[[ Excerpted records open ]]
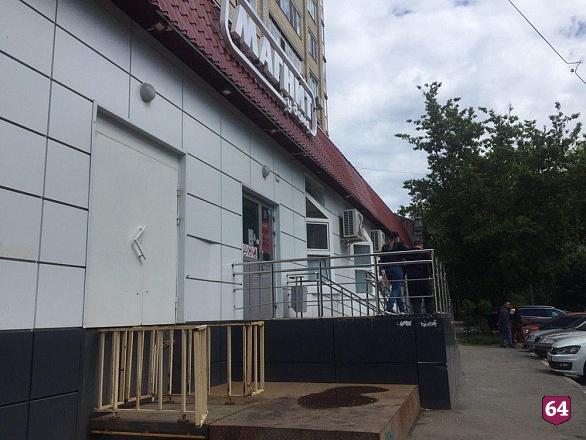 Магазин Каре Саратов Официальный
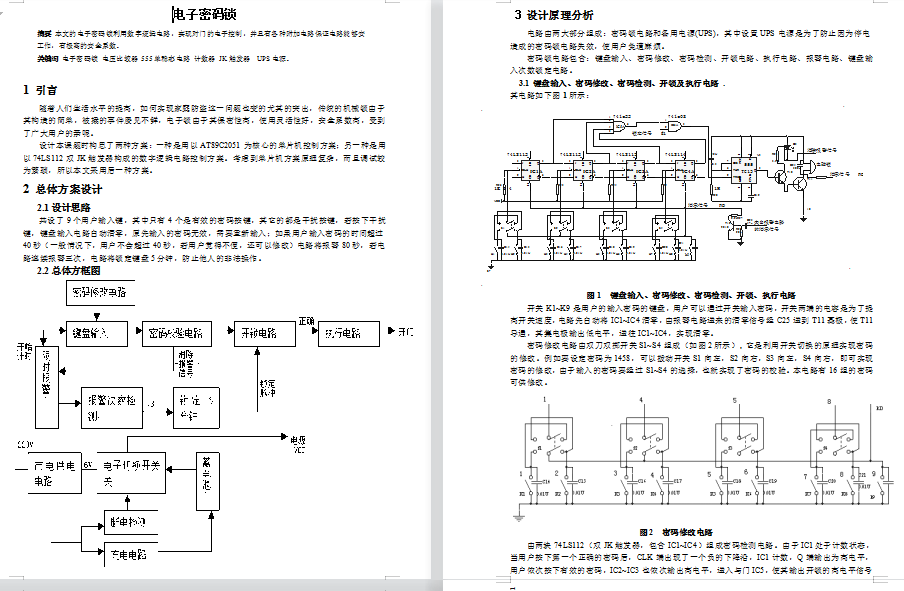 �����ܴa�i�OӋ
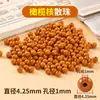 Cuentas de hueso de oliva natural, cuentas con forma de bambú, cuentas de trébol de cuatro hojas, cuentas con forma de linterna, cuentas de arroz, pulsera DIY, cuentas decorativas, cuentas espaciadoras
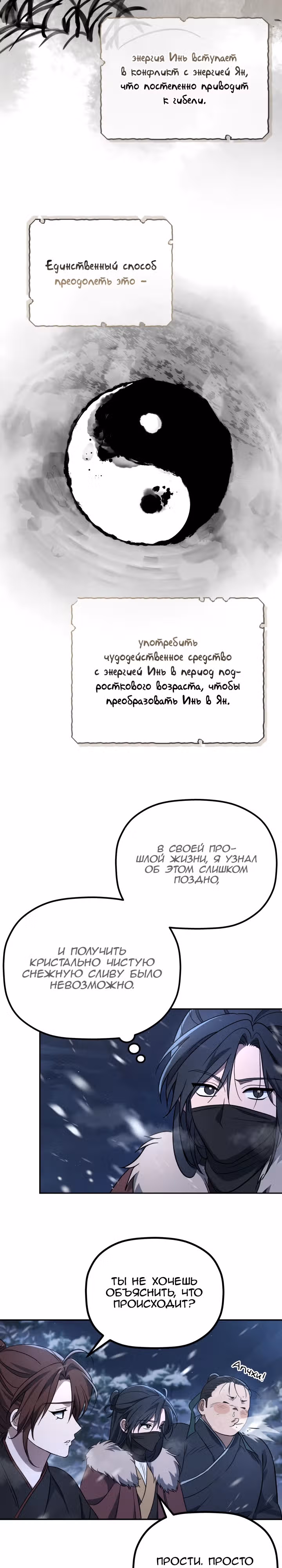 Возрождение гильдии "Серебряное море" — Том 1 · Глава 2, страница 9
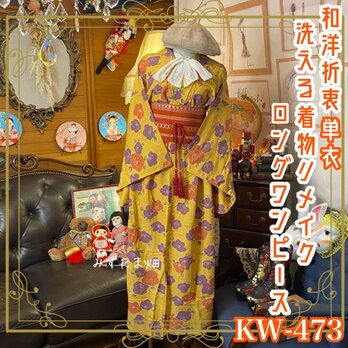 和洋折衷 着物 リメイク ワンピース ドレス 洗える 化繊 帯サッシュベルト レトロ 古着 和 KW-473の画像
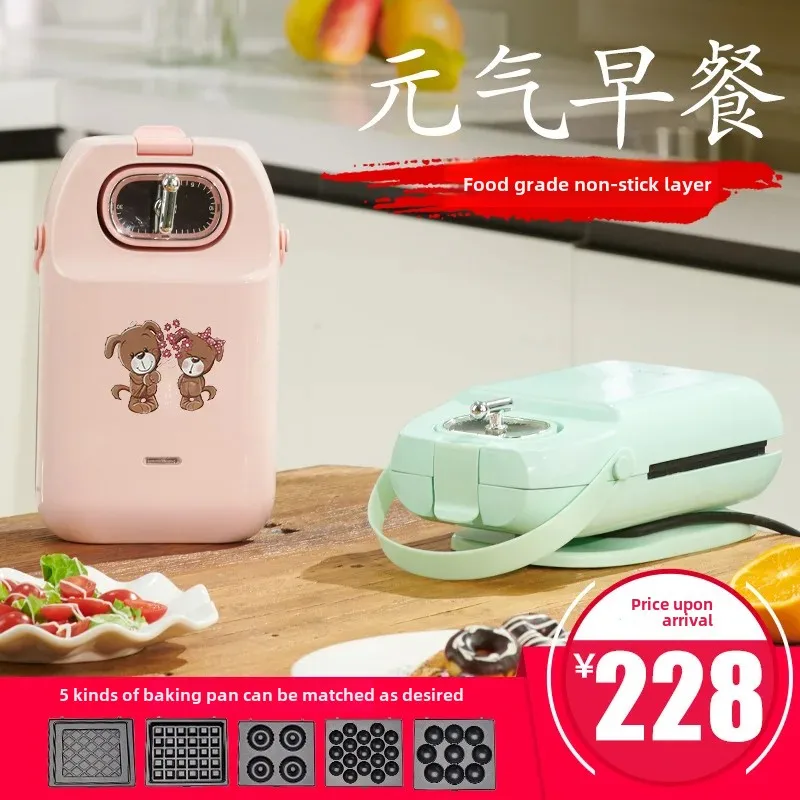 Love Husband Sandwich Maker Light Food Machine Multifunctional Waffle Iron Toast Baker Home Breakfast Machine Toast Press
[[ Excerpted records closed ]]
> _What the task asks_
Transcribe the material above word for word; images do not belong in the copy.

> _Task answer_
 Магазин Каре Саратов Официальный
 �����ܴa�i�OӋ
 Cuentas de hueso de oliva natural, cuentas con forma de bambú, cuentas de trébol de cuatro hojas, cuentas con forma de linterna, cuentas de arroz, pulsera DIY, cuentas decorativas, cuentas espaciadoras
 Возрождение гильдии "Серебряное море" — Том 1 · Глава 2, страница 9
 和洋折衷 着物 リメイク ワンピース ドレス 洗える 化繊 帯サッシュベルト レトロ 古着 和 KW-473の画像
 Love Husband Sandwich Maker Light Food Machine Multifunctional Waffle Iron Toast Baker Home Breakfast Machine Toast Press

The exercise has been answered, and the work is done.